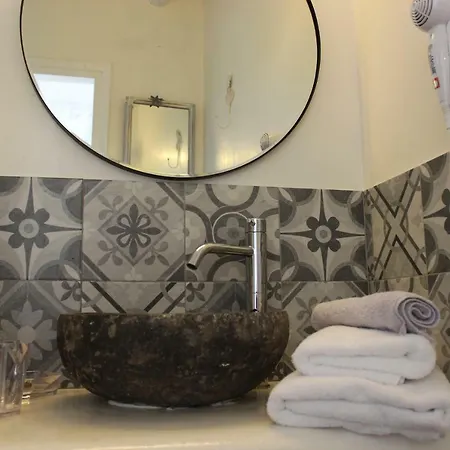 Paradisia * 투를로스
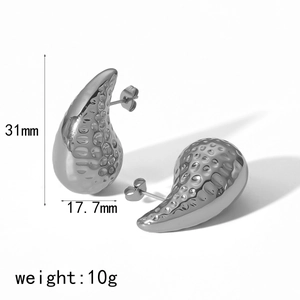 Silver hollow teardrop earrings in 18k gold style with hammered texture and dimensions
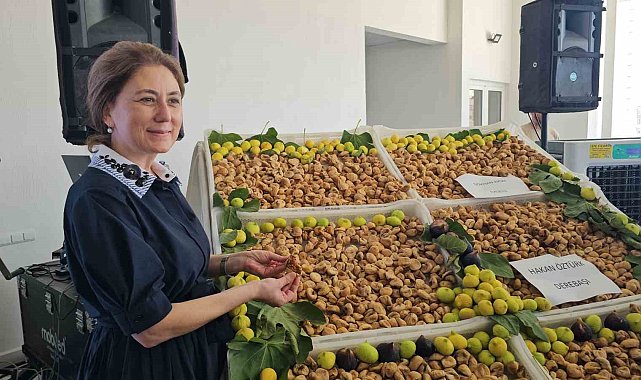 Sezonun ilk kuru inciri 600 TL'den satıldı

■ **Assignment**:
Without changing a word, restate the listing above; the pictures stay out.

■ **Solution for this task**:
 Paradisia * 투를로스
 Silver hollow teardrop earrings in 18k gold style with hammered texture and dimensions
 Sezonun ilk kuru inciri 600 TL'den satıldı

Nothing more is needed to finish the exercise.